#+TITLE: Process DMARC reports with sieve
#+published: 2022-08-10
#+AUTHOR: Marcel van der Boom
#+OPTIONS: toc:nil
#+tags[]: sieve dovecot mail

I get a lot of DMARC reports because I host mail for a couple of domains. Most of these mails require no attention as they are just notifications that others use one of our domains.  I want to separate these mails from my normal mail workflow and auto archive them if I haven't looked at them within, say, 2 weeks.

Doing this with sieve server-side has my preference, but apparently it's not trivial to determine the age of a message, which is the core logic needed here.
Also, the processing of sieve rules is normally only during reception of messages, not ad-hoc or on some other event, although dovecot and pigeonhole have some options for this, among others the [[https://pigeonhole.dovecot.org/doc/man1/sieve-filter.1.html][sieve-filter]] tool.

I really only found [[https://serverfault.com/questions/1033068/auto-clean-mail-folder-with-dovecot-sieve][one implemenation]] online which roughly solves the same problem I was having, but this involved more than needed I think.

My solution consists of 3 parts:

1. the sieve script that handles DMARC reports on reception and age-ing;
2. use of an extension that calls an external program to evaluate expressions to determine age;
3. a daily job that runs the sieve script in the scope of the designated folder.

Here's the sieve script which deals with DMARC reports both in the normal INBOX flow and a special treatment after 14 days.
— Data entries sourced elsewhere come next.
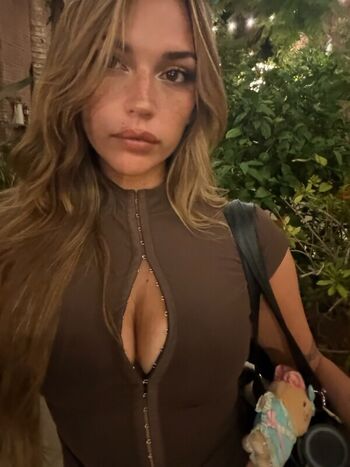Full leaked Am wen/ private onlyfans photo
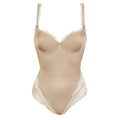 Marie Jo Jane Sand Body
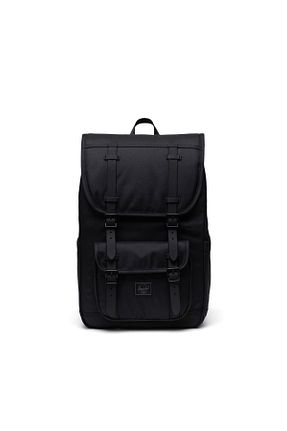 کیف نوت بوک مشکی Herschel - کد 814148137
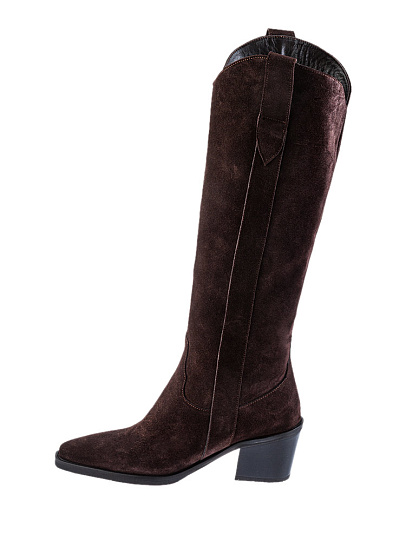 АТ005035516 Казаки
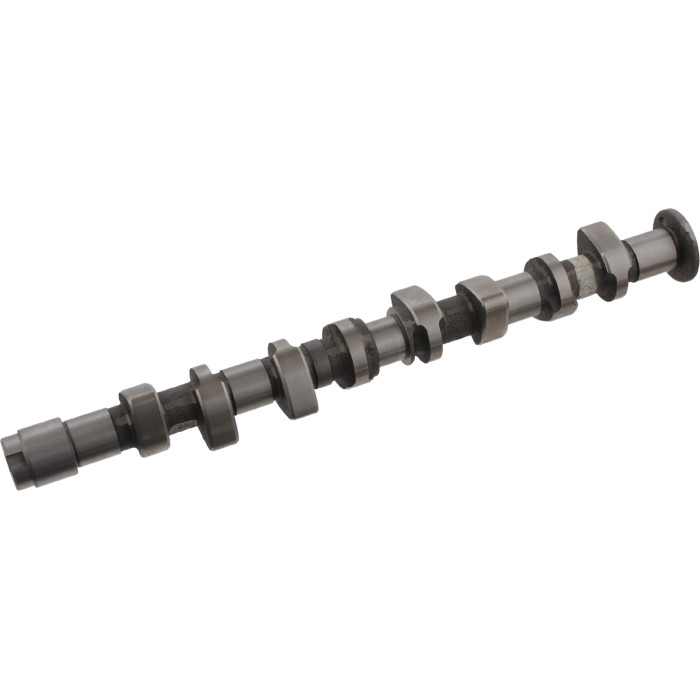 FEBI BILSTEIN 32863 Nockenwelle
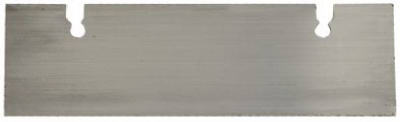 10x3 Tile Strippe Blade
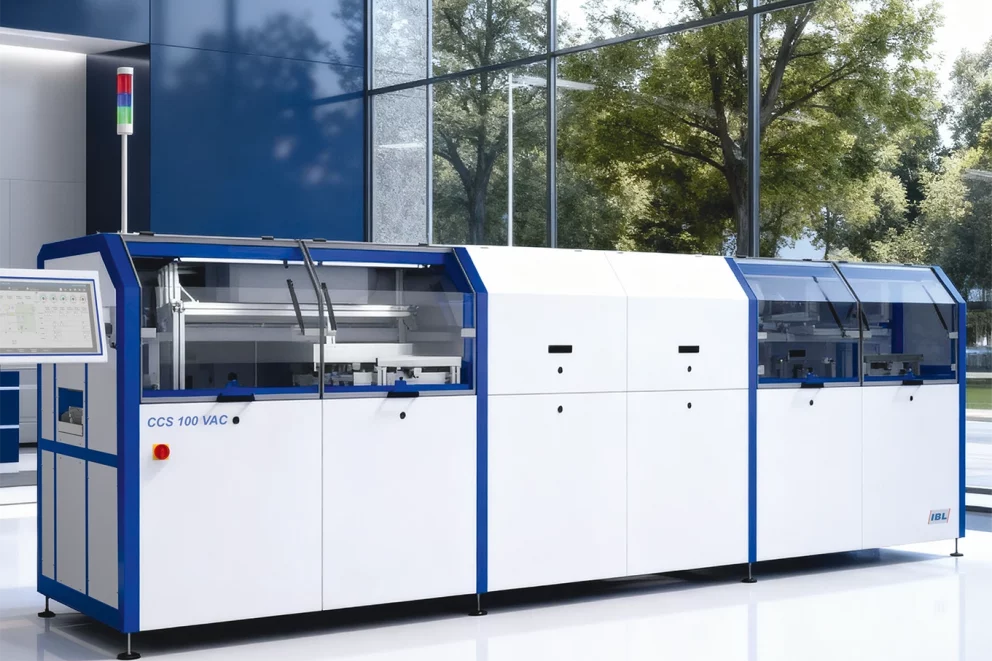 IBL_CCS_100_VAC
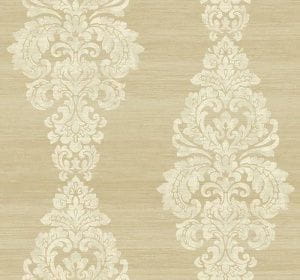 Обои KT-Exclusive Patina DD10505 Обои KT-Exclusive Patina DD10505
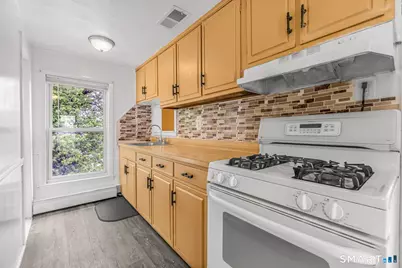 89 Division Street #2, Ansonia, CT 06401 - Photo 1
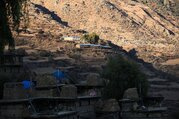 Humla Changla Valley Camping Trek, 24 Tage
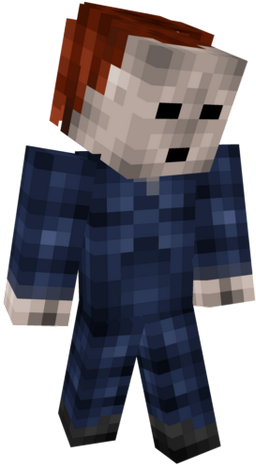 Lego (600x600), Png Download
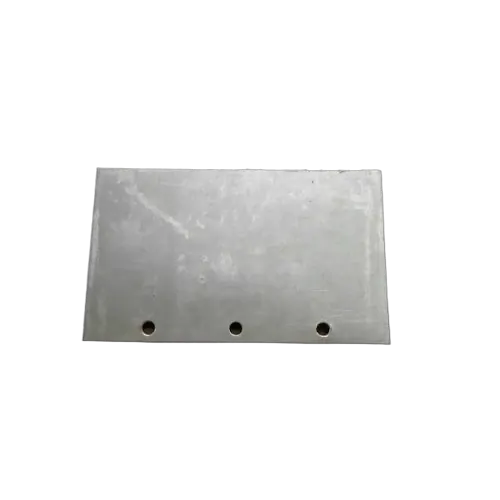 Suburban Cover For Junction Box. 090576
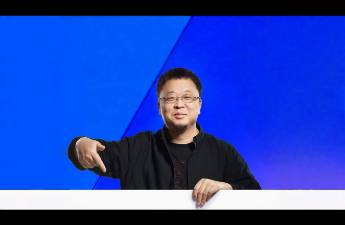 PK本尊，百度电商新解数字人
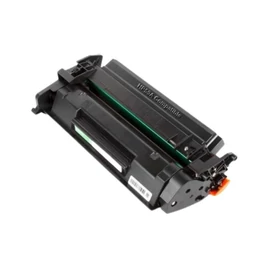 HP -hez CF259A (59A)  fekete CHIP NÉLKÜLI UTÁNGYÁRTOTT toner (~3000 oldal)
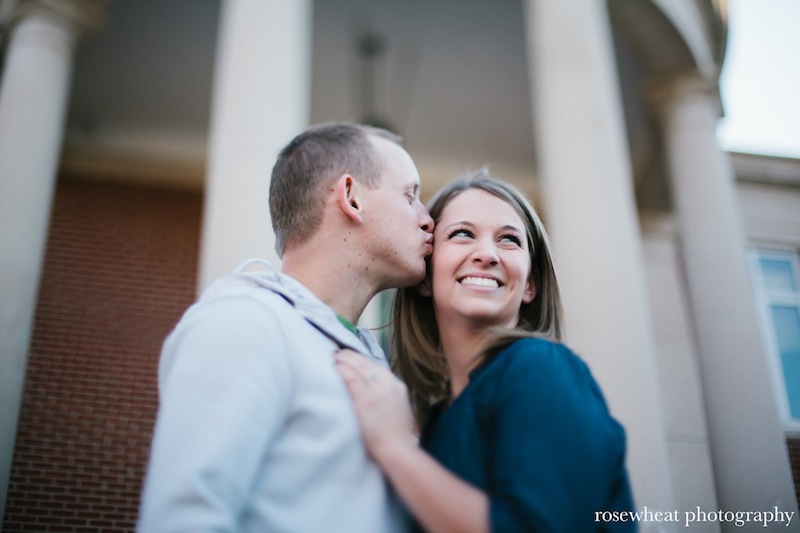 KJTopekaKSEngagement1-3.jpg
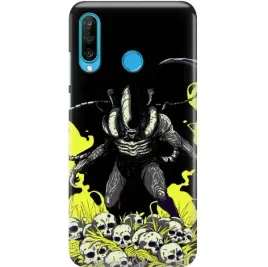 etui-ochronne-do-huawei-p30-lite-kosmiczne-wzory
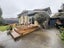 11A Aratoro Place, Mount Pleasant, Christchurch City, Canterbury - Carousel 16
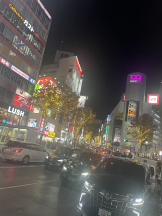 rejas(レジャス) - あいらの女の子ブログ画像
The latter part is not automatic by dovecot on reception of emails, but triggered by a run of the [[https://pigeonhole.dovecot.org/doc/man1/sieve-filter.1.html][sieve-filter]] program.

#+begin_src sieve
    require ["date","fileinto","relational","variables","environment","imap4flags",
             "vnd.dovecot.execute", "vnd.dovecot.environment"];

    # Parameters
    set "dmarc_folder" "Folder.for.dmarc-reports";
    set "purge_days" "14";

    # Move DMARC notifications when received
    if environment :is "vnd.dovecot.default-mailbox" "INBOX" {
      if anyof (
        header :contains "From" "dmarcreport@microsoft.com",
        header :contains "From" "noreply-dmarc-support@google.com",
        header :contains "From" "opendmarc@mail.arctype.co",
        header :contains "From" "opendmarc@box.euandre.org"  )
      {
        addflag "\\Seen";
        fileinto "${dmarc_folder}";
        stop;
      }
    }

    # When running in the dmarc_folder, archive when age is <purge_days>
    if environment :is "vnd.dovecot.default-mailbox" "${dmarc_folder}"
    {
      if currentdate :matches "julian" "*"
      {
        # Run a simple bc expresssion to get <purge_days> ago from todays julian day
        execute :output "purge_date" "bc" "${1} - ${purge_days}";

        # Compare this with Date header and archive when age reached
        if date :value "le" "Date" "julian" "${purge_date}"
        {
          fileinto "Trash";
          stop;
        }
      }
    }
  #+end_src

  The first part of the sieve script just moves the mails into the =dmarc-reports= folder and is a normal sieve processing rule. The second part runs if the default folder is the =dmarc-reports= folder. If so, it uses the =ext_program= extension of the sieve interpreter to let the =bc= program evaluate the expression for the age of the message.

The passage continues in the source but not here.